Acceptation de la mutation sociale sans une réforme profonde du système éducatif
Nous avons accepté par pure imitation la mutation de notre société sans penser à modifier en profondeur notre système éducatif. Nos enfants continuent à mémoriser des pages d’histoire sans être capable de se les expliquer et arriver au pourquoi des faits historiques. Ils apprennent les sciences physiques et la chimie sans aucune manipulation, sans le moindre exercice expérimental. Ils étudient la géographie sans être capable de citer et de repérer sur une carte les communes de leur département, les sections communales de leurs communes. Ils rédigent de la dissertation philosophique sans être amenés à analyser les grands problèmes sociaux et comprendre les valeurs humaines.
Aucune mesure n’est prise pour exiger la scolarisation de tous nos enfants et empêcher la déperdition scolaire. Le processus enseignement-apprentissage caractérisé par l’anarchie et l’amateurisme entraine un gaspillage de cerveau, le marasme socioéducatif impropre aux progrès sociaux et à l’humanisme valorisant.

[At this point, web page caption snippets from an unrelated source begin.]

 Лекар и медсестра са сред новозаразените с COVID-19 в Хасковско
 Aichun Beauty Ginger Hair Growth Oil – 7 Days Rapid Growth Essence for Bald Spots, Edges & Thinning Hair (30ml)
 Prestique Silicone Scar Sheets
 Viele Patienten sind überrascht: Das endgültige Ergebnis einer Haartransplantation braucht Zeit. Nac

2. La mauvaise qualité de l’offre socioculturelle et politique
Nous sommes si imprudents avec les jeunes que nous avons préféré leur offrir le « Car Wash » ou le « Body Wash » party, le « Atè Plat », le « Tisourit » et le « krèy » au lieu de les orienter vers le théâtre, la musique éducative, la bibliothèque, les créations artistique et artisanales. Pour combattre nos adversaires politiques nous leur donnons des armes et d’autres outils pour chauffer le béton au lieu des espaces de réflexion pour le développement de leur pays. Au lieu de travailler à forger leur cerveau nous leur offrons des stupéfiants qui dérangent leur esprit, les déshumanisent au point qu’ils nous expriment de façon inattendue, violente, tragique et aveugle leur frustration et leur crise existentielle.

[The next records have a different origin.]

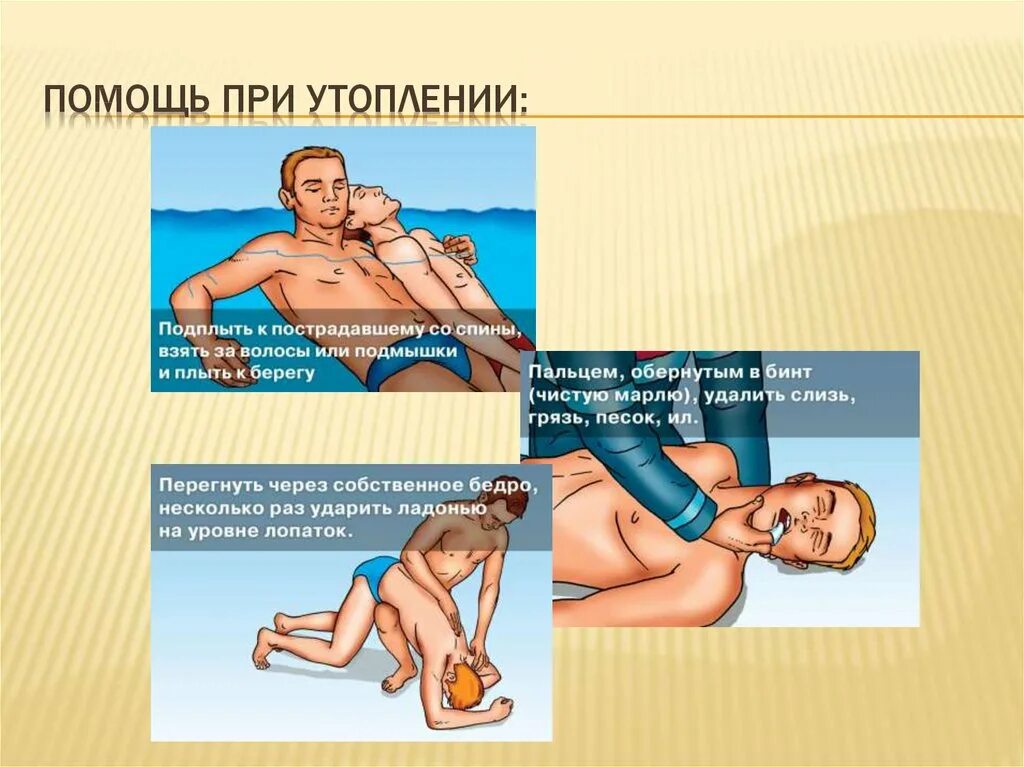 Реферат по оказанию помощи утопающему. Первая помощь утопающему. Первая помощь при утоплении. Оказание первой помощи при утоплении электротравме. Как помочь утопающему человеку.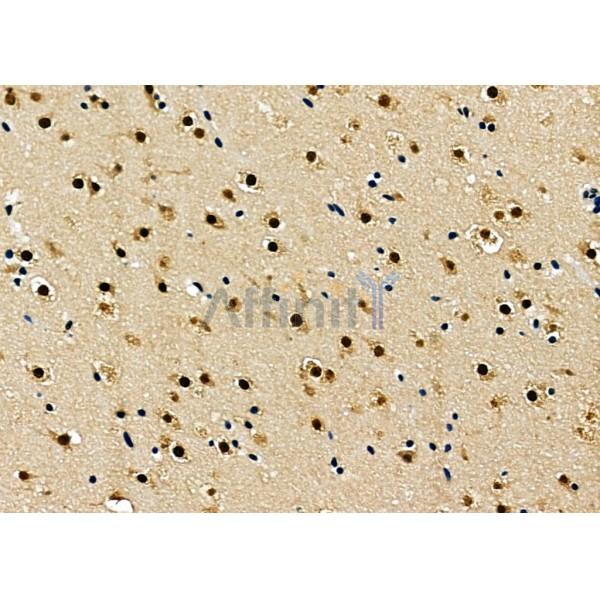 BCL9 Antibody - DF12515 at 1/100 staining Mouse heart tissue by IHC-P.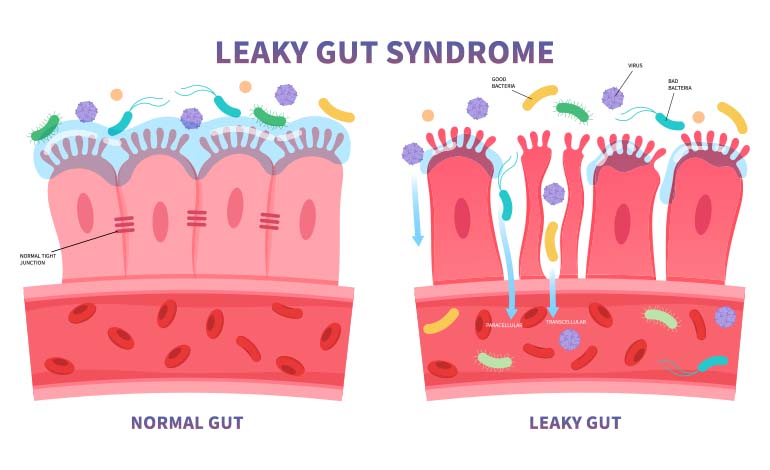 normal vs leaky gut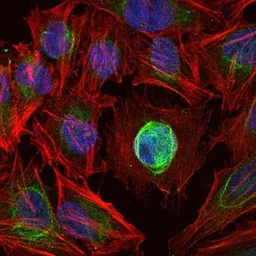 Anti-MMP1 antibody [6A5] used in Immunocytochemistry/ Immunofluorescence (ICC/IF). GTX60467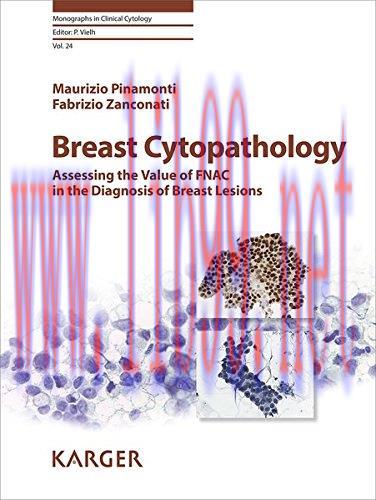 [AME]Breast Cytopathology: Assessing the Value of FNAC in the Diagnosis of Breast Lesions (Mono...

3. L’irresponsabilité des élites socioéconomiques
Dans toutes les sociétés ce sont les élites qui réfléchissent et qui donnent le ton. Il semble malheureusement qu’aujourd’hui les élites économiques, religieuses et intellectuelles sont trop préoccupées à sauvegarder leurs intérêts mesquins. Autrefois, la morale langagière et gestuelle était dictée par les élites. Les voleurs et les fauteurs de troubles étaient étiquetés, les prostituées indexées. Aujourd’hui, c’est la débandade et l’effervescence dangereuse. Chaque individu, chaque groupe essaie de se sécuriser à partir de ses propres moyens. Une démarche stupide et stérile face à la création des « G » des ghettos que nous avons-nous-mêmes encouragés.
Dans cette décadence inquiétante, nous avons tous notre part de responsabilité. Les éducateurs – à quelque secteur qu’ils appartiennent– pour ne s’être pas battus pour des curricula capables d’assurer le progrès et l’épanouissement de notre communauté. Le secteur politique pour n’être pas capable d’offrir et de suivre un bon programme de société. Le secteur des affaires pour n’avoir pas créé des entreprises industrielles aptes à enclencher le processus de développement du pays et à stimuler un apprentissage massif qui laisserait moins d’espace et moins de temps pour le désordre, le crime, la délinquance, les violentes manifestations.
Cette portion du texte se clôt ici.